Last week I had two conversations about the front of the classroom, that I think are worth sharing and thinking about.
The first was on a street corner, outside the school, whilst I was on duty before school. Sue Wolstenholme, was walking into school and stopped for a chat. Sue and her husband John, were both hugely successful English teachers who worked at Durrington for many years (more here). Now retired, Sue still comes into school to do some one to one and small group work with our students. Sue mentioned that she had noticed something. In some classrooms, the central point at the front of the classroom, was often some kind of screen, that powerpoint slides were often projected on to. Then to the side of them, was a rather small whiteboard, for the teacher to write on. Sue went on to question this and in particular, the message that it gives – that the projected powerpoint image, in the centre of the classroom, is more important than what the teacher was writing – and often difficult to see for some students, as the whiteboard was off to the side. Sue’s point was that it should be the other way around. The best way that a teacher can model how to write, in their subject genre, is to model it on the whiteboard with students – not by projecting up a ready made piece of writing. Students need to see and hear the thought processes that the expert writer i.e. the teacher, goes through when they are writing. The best teachers will do this in a very organic way – writing a bit; discussing it; explaining why they wrote in that way; asking students what should come next; seeking ideas; writing the next bit etc etc. With this in mind, the whiteboard – where this writing magic will be happening – should be in the centre of the classroom. That’s not to say that powerpoint slides don’t have a purpose – of course they do. Should they take centre stage though, and push the whiteboard, complete with valuable teacher writings, over to the side? Probably not.

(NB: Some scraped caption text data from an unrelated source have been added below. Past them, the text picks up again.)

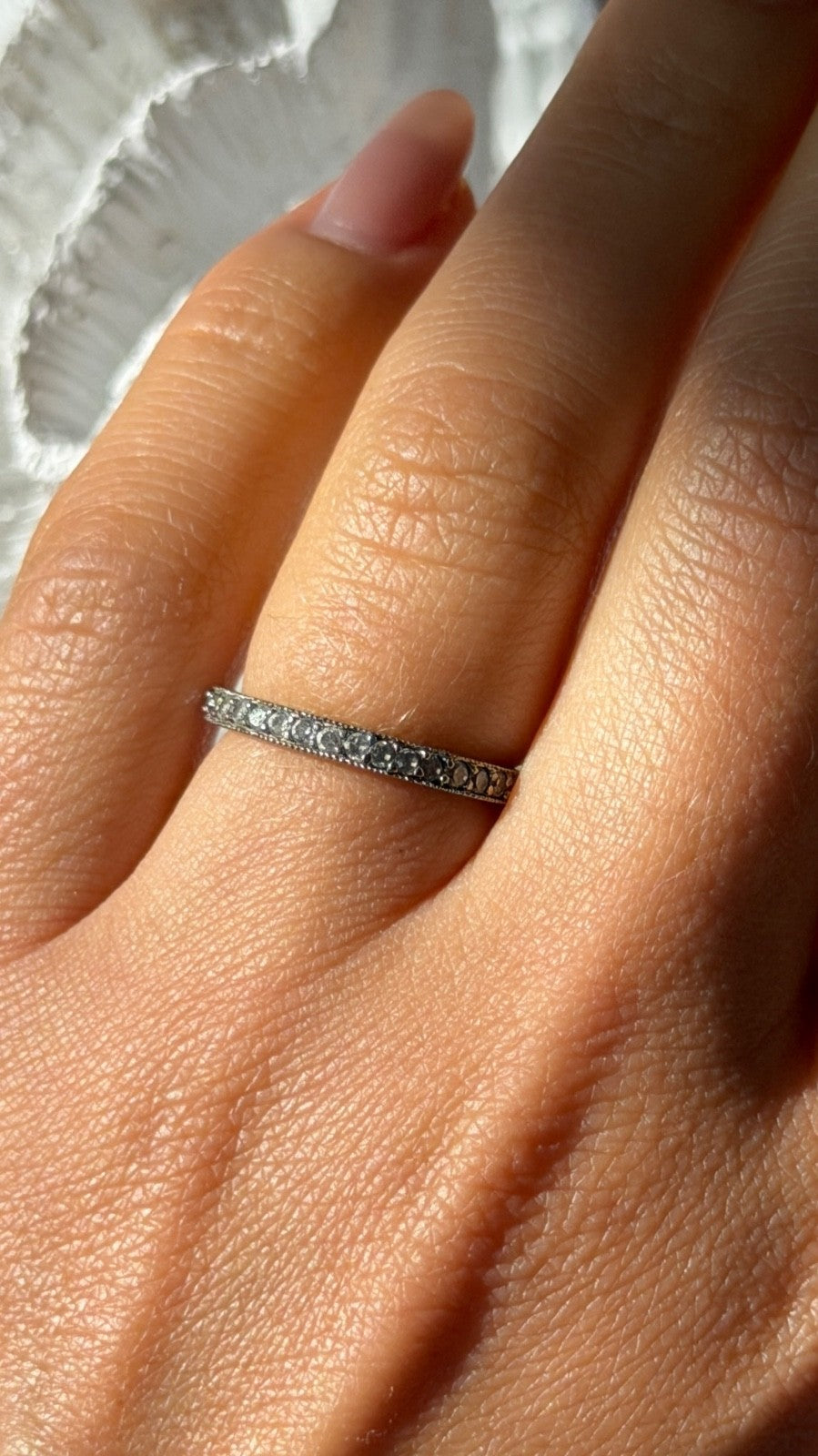 Minimalist Design 925 Sterling Silver Cz Ring Size 6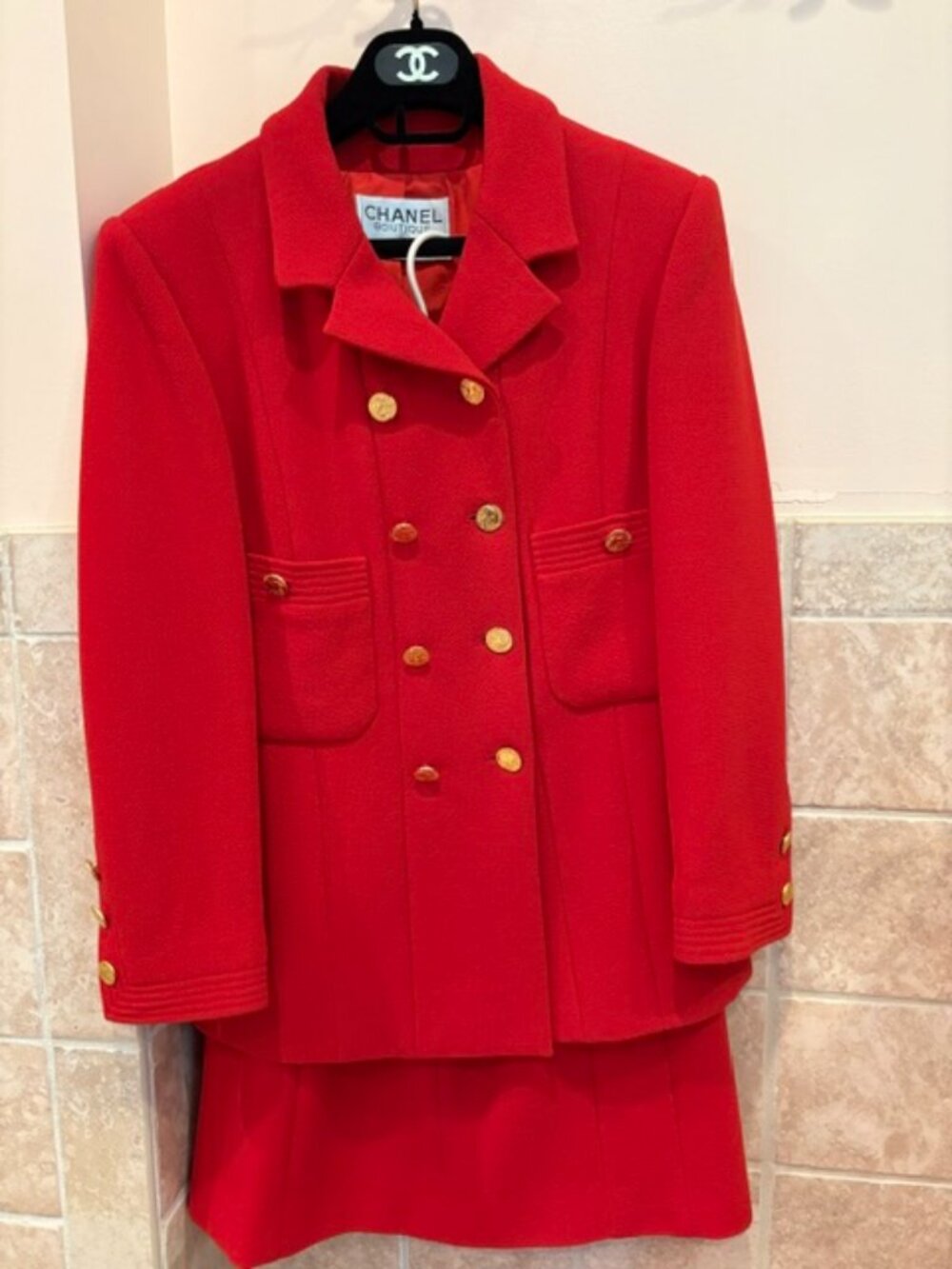 Vintage Chanel skirt suit, Red, Elephant buttons, Karl Lagerfeld Bloomingdale's
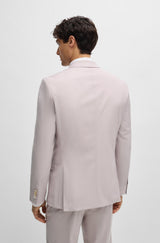 Boss SLIM-FIT Light Pink Suit In a Melange Wool Blend
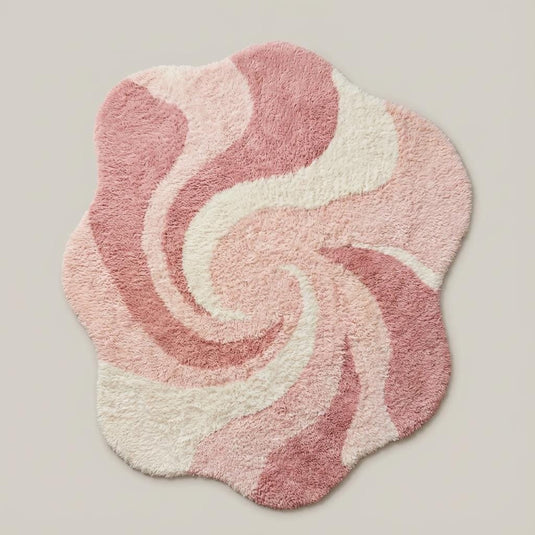Translation missing: es.Soft blush pink and cream shag rug featuring organic curved pattern for boho modern home décor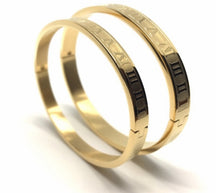 Load image into Gallery viewer, Engraved Roman Numeral Bangle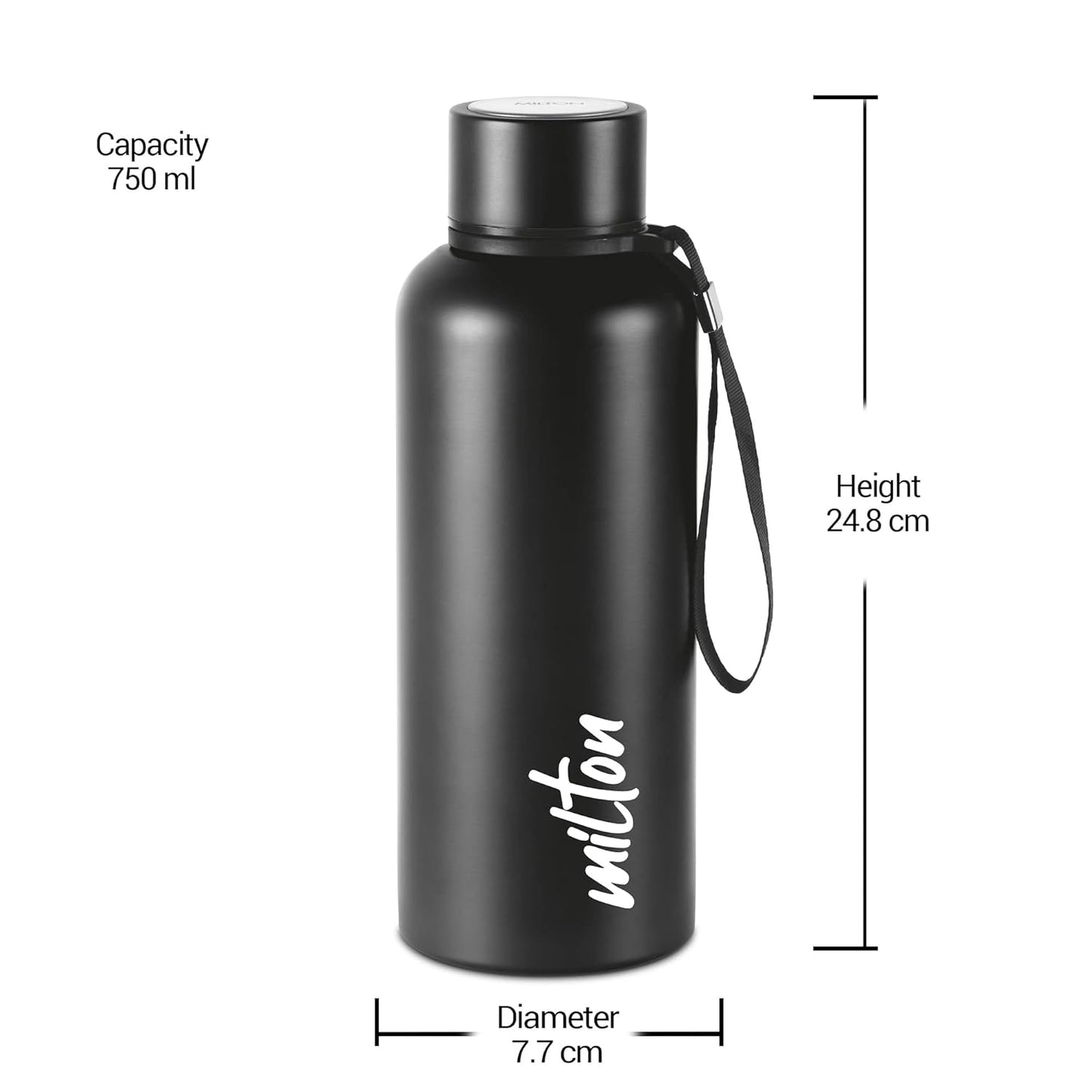 MILTON Aura Thermosteel Bottle,  Water Bottles, 24 Hours Hot and Cold, Easy to Carry, Easy Grip, Rust Proof, Tea, Coffee, Office, Travel Bottle,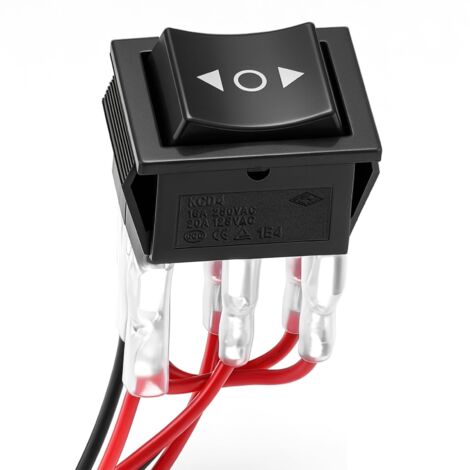 Interruptor basculante doble de retorno automático de 12 V 16 A con cable, 3 posiciones de encendido-apagado-encendido para motor de CC, actuador eléctrico de 12 V, panel de 6 pines, flechas, negro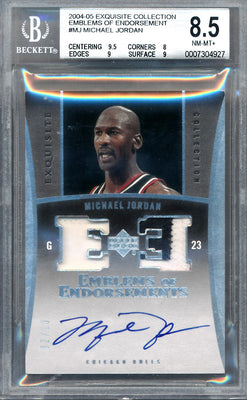 Upper Deck 2004-2005 Exquisite Collection Emblems Of Endorsement #MJ Michael Jordan 2/10 / BGS Grade 8.5 / Auto Grade 10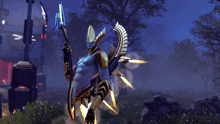 a video game character with wings and a spear is standing in a field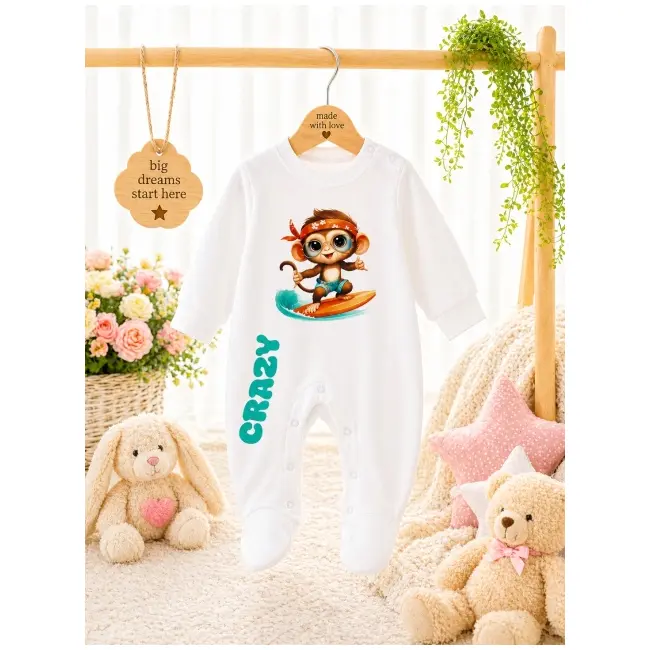 Salopeta cu botosei pentru bebelusi, monkey bp4-16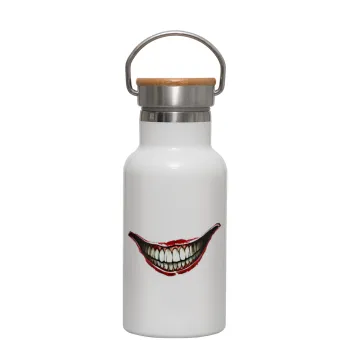 Joker smile, Metallic thermos (Stainless steel) White with wooden lid (bamboo), double-walled, 350ml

The second conversation was with Director of Humanities, Martyn Simmonds. I’ve been into Martyn’s classroom a few times recently, and have noticed that the display at the front of the classroom, has been covered with old sheets. I assumed that it was something to do with controlled assessments and didn’t enquire any further. Eventually, I did ask though. Martyn’s explanation was very sensible. The display had key information about the case studies, Y11 students had to remember for their forthcoming GCSE exams. So when Martyn was trying to get Y11 students to retrieve this information from their memories, by using regular, low-stakes quizzing in his lessons, they simply looked at the display board and read what was on it. They weren’t having to think about it, so in fact no ‘cognitive-work’ was being done – so the whole process of quizzing was not helping students to commit things to memory, as it should. The solution? Cover up the display, so students have to think about the answer.
The message here? Think about your displays. I think a nice display brightens up a classroom and looks great. However, they are often claimed to promote learning, but as explained by Martyn, they can actually serve to suppress the learning process – by stopping students from having to think and retrieve things from their memory.
Two great examples of the importance of stopping and thinking about why and how we do things in the classrooms – especially at the front of our classrooms.